Om deze doelstellingen te verwezenlijken zouden regionale overeenkomsten kunnen worden overwogen hetzij in de vorm van overeenkomsten inzake economisch partnerschap die de geleidelijke instelling van vrijhandelszones beogen, in overeenstemming met de Wereldhandelsorganisatie en het gemeenschappelijk landbouwbeleid, dan wel, bij wijze van overgang, in de vorm van overeenkomsten voor economische samenwerking die de toegang van ACS-Staten tot de Europese markt consolideren en een element van wederkerigheid invoeren voor de Europese export naar de ACS-markten. Deze overeenkomsten zouden bepalingen bevatten die het mogelijk maken de samenwerking op met de handel verband houdende gebieden te ontwikkelen.

Wat de financiële en technische samenwerking betreft, is in het Groenboek vooral de nadruk gelegd op het streven naar effectiviteit, vereenvoudiging en differentiatie. De Commissie heeft deze beginselen overgenomen in haar oriëntatie-document waarin wordt voorgesteld om de praktische uitvoeringsmodaliteiten van de financiële en technische samenwerking grondig te herzien om het systeem effectiever en soepeler te maken, rekening houdend met de zich snel ontwikkelende behoeften. De komende overeenkomst moet ook gemakkelijker toegankelijk zijn voor de gedecentraliseerde actoren. De Commissie stelt met name voor om het aantal instrumenten te beperken en om voor de programmering en derhalve voor de dialoog over het beleid opnieuw een centrale plaats in te ruimen.

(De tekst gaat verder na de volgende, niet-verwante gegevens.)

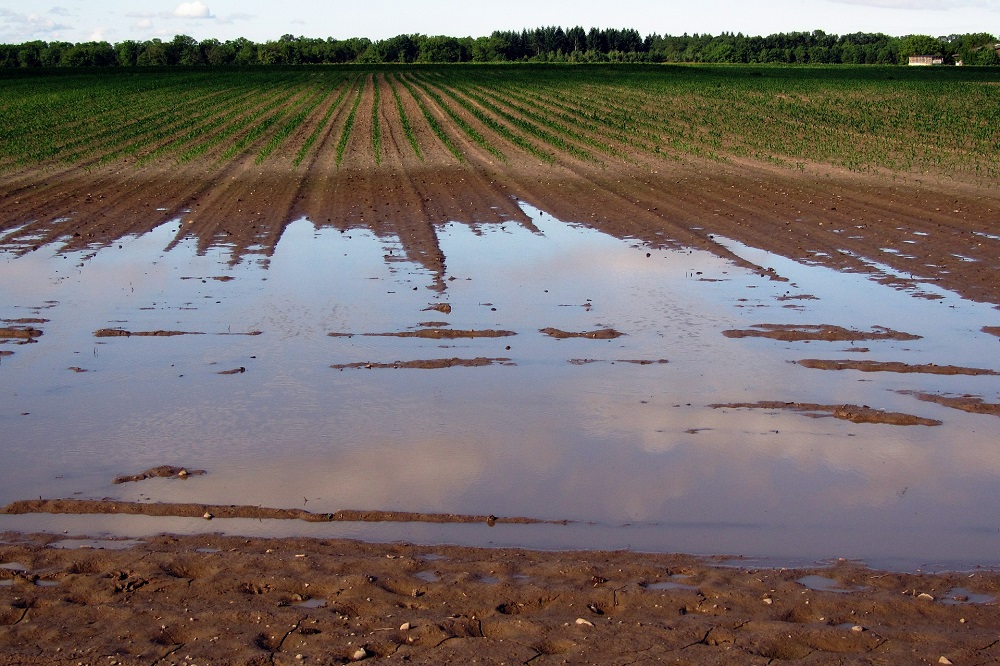 Hoe herstelt de natuur na de overstroming in Limburg?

Het debat over de doelstellingen en prioriteiten van het samenwerkingsbeleid van de Gemeenschap is voor de Commissie de aanleiding geweest om de samenwerking opnieuw toe te spitsen op de armoedebestrijding, in het kader van een geïntegreerde aanpak waarin zowel de economische groei, de sociale en milieuaspecten als de institutionele aspecten van de ontwikkeling in aanmerking worden genomen. Bovendien moet ervoor worden gezorgd dat er een nauwe band bestaat tussen een versterkte politieke dimensie en de samenwerking. In dit verband kan de voorkoming van gewelddadige conflicten en de noodzaak om de diepere oorzaken daarvan aan te pakken de prioriteiten van de actie beïnvloeden. Deze acties, waarvan de lijst a priori niet volledig kan zijn, moeten betrekking hebben op drie prioritaire thema's: ondersteuning van de groei, het concurrentievermogen en de werkgelegenheid; de sociale en culturele dimensie en de regionale integratie. Daarnaast zijn nog drie transversale beginselen vastgelegd, namelijk het ontwikkelen van de capaciteiten, met name van de instellingen, het systematisch rekening houden met de gender-problematiek en verminderen van de verschillen tussen mannen en vrouwen alsmede het in stand houden van de natuurlijke hulpbronnen en het milieu.